Tante Telma se retourne aussi et lance de concert avec Maman :
« Heeeyyy, chérie !!! Ca va ? ».
« Super, oui ! Un peu à la bourre mais ça va aller : mon avion ne décolle que dans deux heures… Et vous ? »
Maman secoue les mains :
« A la bourre aussi, mais on va y arriver… Tu n’oublies pas qu’on déjeune ensemble Mercredi, hein ? »
La jolie jeune femme au moment où le flot de la circulation repart envoie un kiss de la main et lance :
« Comme d’hab ! Vous inquiétez pas les filles : je serai là ! Plein de poutoouuxx… »
Le taxi se perd dans la multitude des véhicules et je reste totalement éberluée : c’est pas possib’ !!!!! Nan, nan : c’est PAS possib’ ! Nan, nan, nan : ça pouvait pô être Ayiki ! Nan, nan… C’est pô, possib’ ! Nan, nan, nan, nan…
J’entends alors -ou je crois entendre- Tante Telma demander à Maman :
« Elle vient toujours acheter son Maroilles chez Vandekerckhove ? »
« Oui, deux fois par mois tu sais bien… Elle est trop fun, la puce… »
Nan !!! Nan, nan, nan, nan, nan : c’est pas possib’ !!! Ca j’en suis sure !!! Nan, nan, nan… Nan !!!
NAN !!!!!
Faudra que j’en cause kaméme à Paupiette et Lémonette mais elles vont penser que j’hallucine…

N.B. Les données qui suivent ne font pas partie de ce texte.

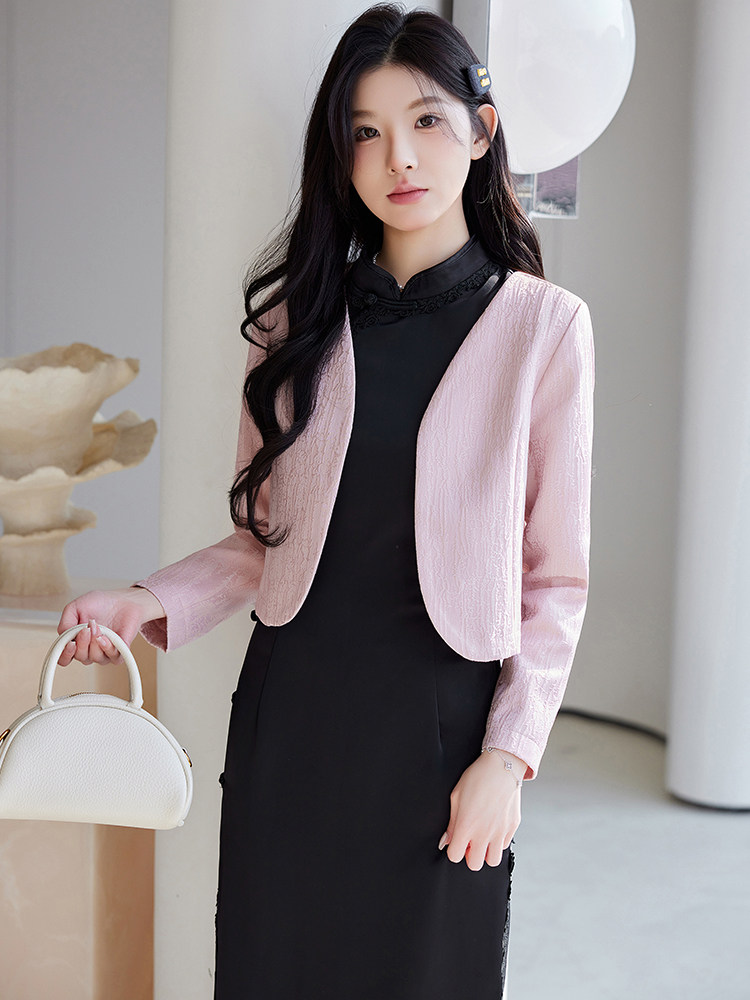 开春外套女短款上衣2025新优雅气质小披肩配裙子外搭开衫提花坎肩,女装短外套,婵米儿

Et en fait d’hallucinations, ce que je ne pouvais pas savoir en traversant la moitié de New York, c’est que mes deux copines elles, baignaient dans un rêve…
To be à suivre…
(1) OCCB : Organized Crime Control Bureau. Bureau de Contrôle du Crime Organisé, Office du NYPD de la Lutte Anti Mafia(s)
(2) Maryse Bastié : née Marie-Louise Bombec, aviatrice Française, née le 27 Février 1898, à Limoges, morte le 6 Juillet 1952 à Bron. Elle fut la première aviatrice française à accrocher de nombreux records à son palmarès. Ses exploits furent très rapidement médiatisés. Nombre d’établissements scolaires, théâtres, rues et avenues portent aujourd’hui son nom.
(3) « Pinces » : argot policier pour « menottes » parfois appelées aussi « cadénes ».